Climate, Change, Water Management and Aquaculture in Malawi
Farmers tend to crops grown in the bottom of a dried pond in Chingale, Malawi.
The increasing variability of climate is a challenge for small-scale farmers in Chingale, Malawi. Changing weather patterns mean that farmers are unable to fully prepare their cropping calendars for optimal harvests, and irregular rainfall is causing unpredictable crop yields. With small land sizes of less than 0.2 hectares, small-scale farmers need to make full use of their available land in order to have enough food for their families and surplus for sale. To adapt to these challenges, farmers are integrating fish farming and crop irrigation to their farming practices, which are providing extra food and income.
However, the growth of irrigation-fish farming has increased the demand for water, and subsequently created conflicts over access to water sources.
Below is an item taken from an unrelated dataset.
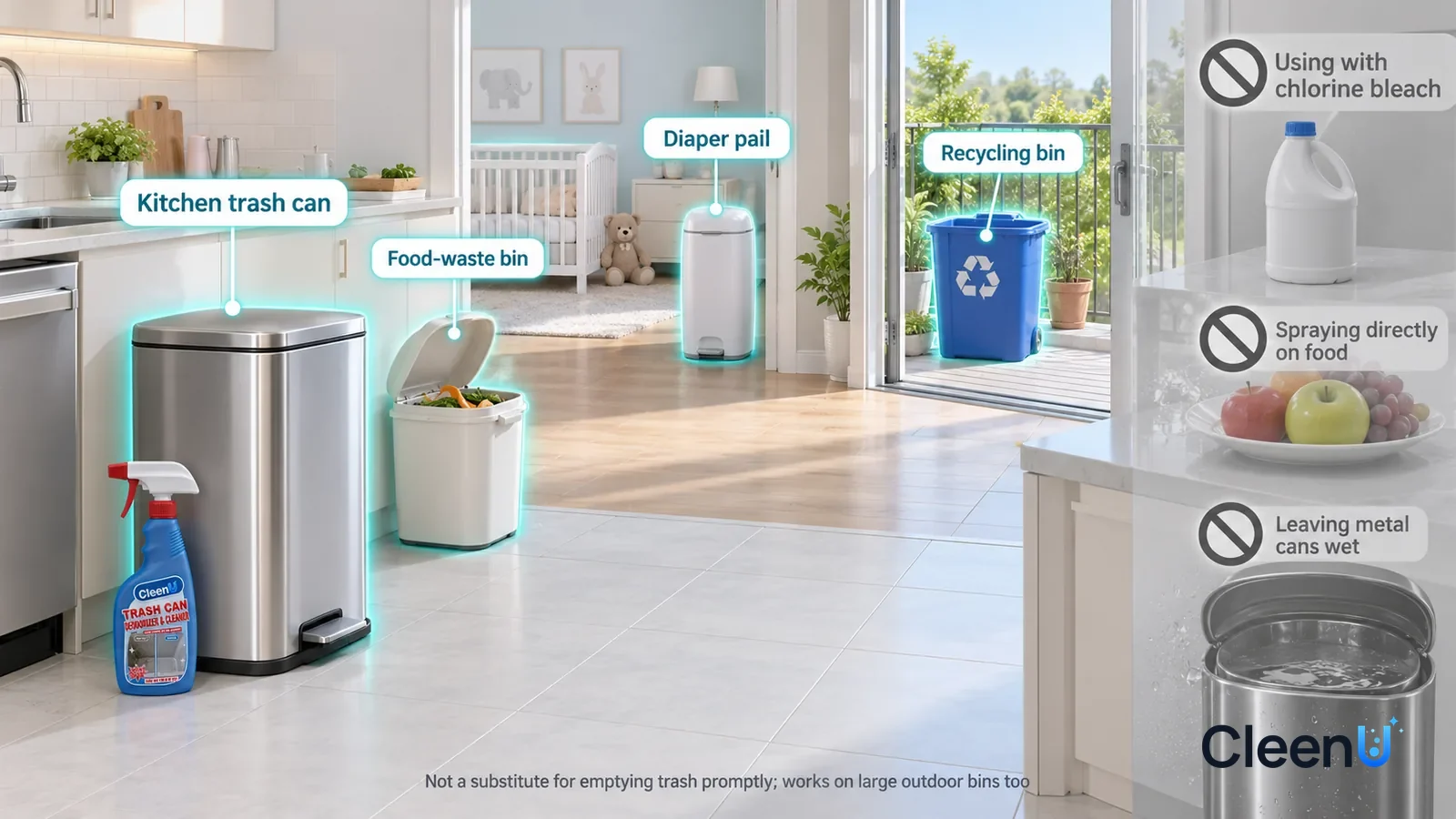Illustration: CleenU Trash Can Deodorizer & Cleaner — A realistic 3D cutaway of a bright home's kitchen, nursery, balcony, and small yard, one continuous space from one viewpoint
In Chingale, there are conflicts over water that are exacerbated by current low water levels. Farmers in Chingale have begun to divert water from streams and rivers for irrigating crops and ponds for fish farming.
In order to make informed decisions about water management and allocation, WorldFish, the International Water Management Institute (IMWI), and the University of Osnabruck, in collaboration with national partners in Malawi, Zambia and Mozambique, have conducted a collaborative research project called, “Enhancing adaptive capacity to climate change impacts through well managed water use for aquaculture integrated with small scale irrigation in the Chinyanja Triangle in Africa”.
Funded by Bundesministeriumfür Wirtschaftliche Zusammerbarbeit und Entwicklung (BMZ) administered by the GIZ, the project aimed to examine the benefits of integrating fish farming and small-scale irrigation by identifying improved water allocation and management strategies in the face of climate change. The water resources in target catchments were assessed under current and future climate scenarios and the water demands for different crop and fish production scenarios were modelled.
When the results were presented to farmers in Chingale, they felt that they have a role to play in ensuring that the effects of climate change are mitigated.
A local model for water allocation
Realising the need to share the limited water resources, local leaders have taken a leading role in sharing water equitably. Villages that have the water, but don’t have enough land for irrigation, share with those that don’t have water but have the land. In this regard, the farmers allocate each other a piece of land so that every farmer with an interest in fish farming or irrigation can benefit.
However, as the number of farmers in this arrangement grows, the demand is exceeding the supply of water. The farmers that own ponds are leaving their ponds undrained for longer periods as a source of water for irrigation. This resulted in stunted fish growth as fish compete for space and food, over-breed and cross-breed. When the water levels in the ponds become too low for fish growth, farmers harvest the fish and plant crops inside the ponds to utilise the residual moisture.
To cope with unpredictable rainfall, farmers have started increasing their water storage area by constructing deeper ponds with an average depth of 2 meters. The ponds support fish growth, and help in the harvesting and storing of rainwater. They also help to reduce pressure on other water sources, like streams and rivers.
Adjusting farming practices and water management
The farmers feel that they need to adopt farming practices that help to conserve moisture in the face of climate change. Farmers are also adopting other conservation agriculture techniques like making ridges in the ground to reduce the speed of runoff. Those farmers with irrigation are planting their crops earlier to utilize the residual moisture. This practice reduces the water, needed to irrigate crops from channels and streams.
Natural resources management
Chingale has many streams and rivers originating from the Zomba and Malosa Mountains. However, most of these rivers are now seasonal as the trees that covered them were cut down for charcoal, fuel wood and timber. Without trees to create shade, the water evaporates quickly from the stream, and siltation and erosion become major problems. The farmers now know that if their aquaculture and irrigation activities are to be sustained, they need to reclaim these rivers by planting the right tree species to help conserve water. They have also come to realize that growing crops close to the rivers is a practice that is promoting siltation of the rivers.
Through sharing research and best practices, the project has equipped the farmers of Chingale with the knowledge they need to take a leading role in protecting and managing the water resources they depend on.